小説なんかを書いている身として、いつかオーディオブックやってみたいって気持ちになることがある。オーディオブックっていうのは洋書を取り扱っている大きな書店なんかだと、洋書売り場の一角にオーディオブックコーナーってあるから、本読みの人は知っていると思いますが、CD換算で15~20枚組の小説の朗読メディアのことです。

 日本じゃ、過去にカセットブックという形で流行したことがあるらしいですが、それ以降定着はしなかったようで、新刊だろうが有名作品だろうが、一般エンタメレベルでも新作が出る欧米と比べるとお粗末というか、本当に川端康成とか、芥川龍之介とか本当に有名どころというか、教科書的な名作しかそろってないですね。おまけに視覚障碍者向けみたいなイメージがついている。

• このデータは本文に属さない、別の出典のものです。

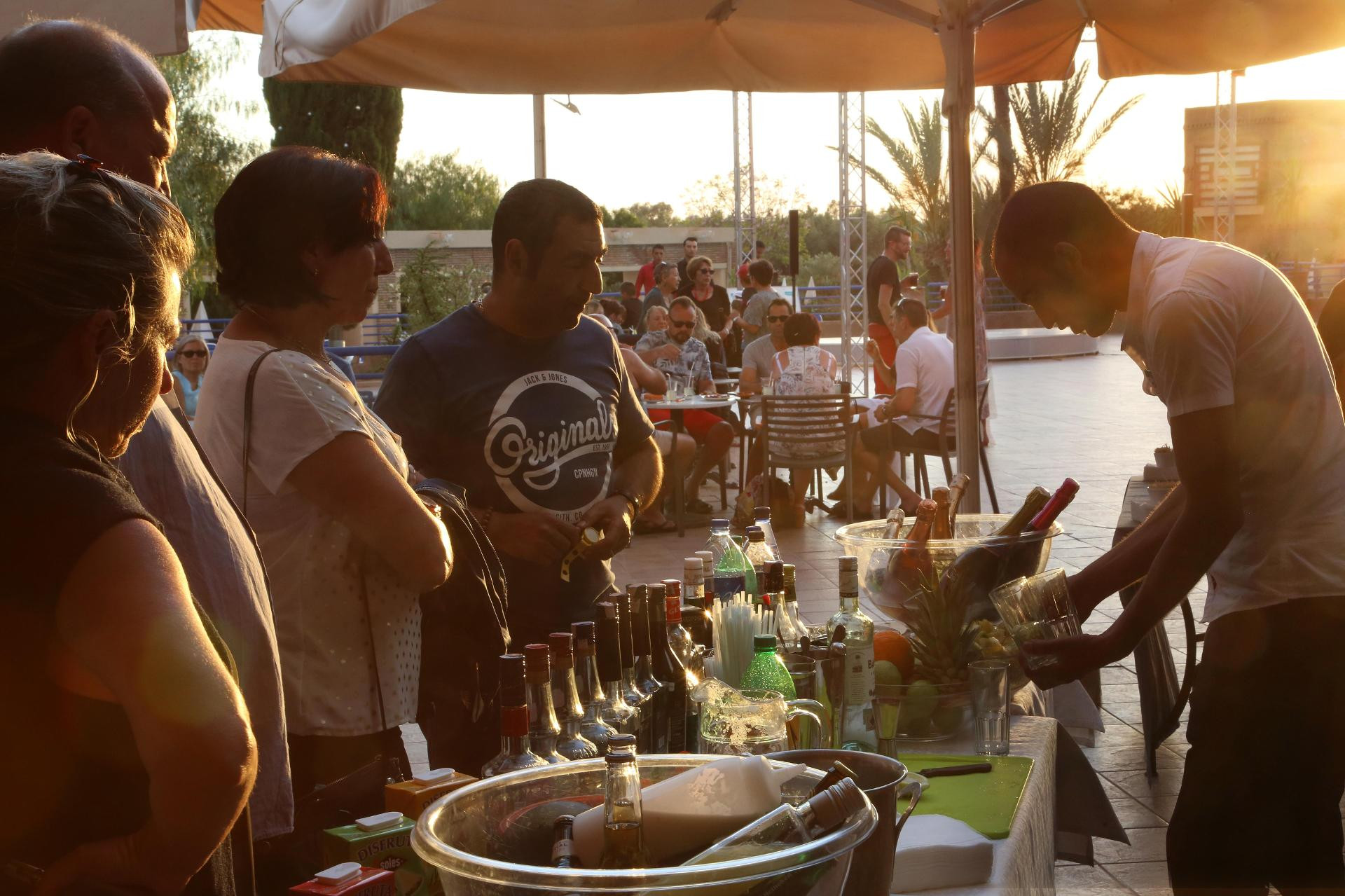 Varios Valeria Club Madina Marrakech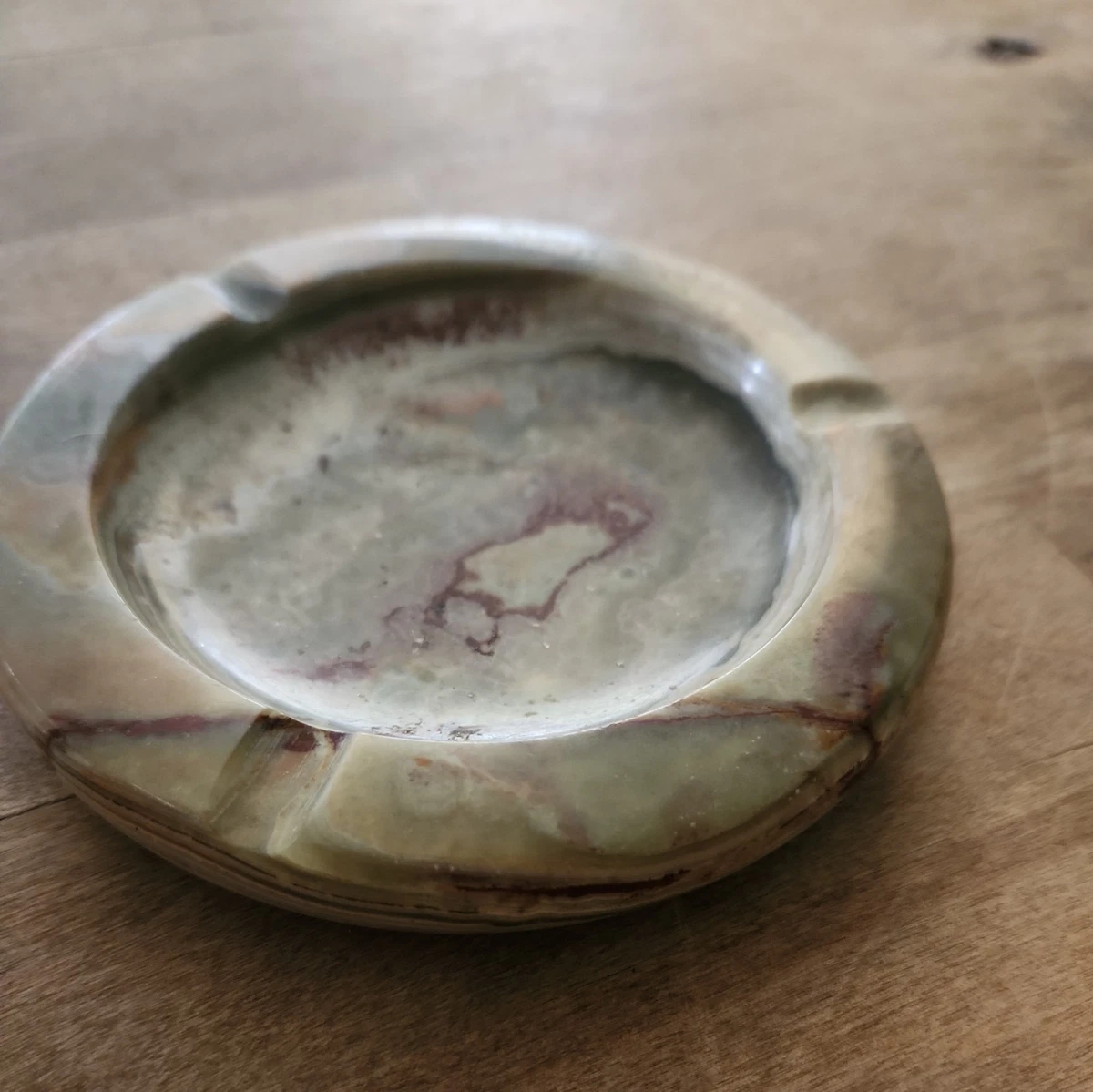 Green Marble Ashtray for sale | eBay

 ラノベとかアニメとかのメディアだと、ドラマCDやオーディオドラマという感じになりますね。そのまま原作のテキストを改変、縮約することなくって形はほぼゼロに近いです。 実際問題400ページ程度の長編だったらCD換算で平均10枚前後位になっちゃうんで、商売としては売り上げが見込めないだろうし、制作コストと採算分岐点を考えると色々大変なことにはなるだろうし、声優で売るとして日本じゃファンアイテムにしかならないのかもしれませんね。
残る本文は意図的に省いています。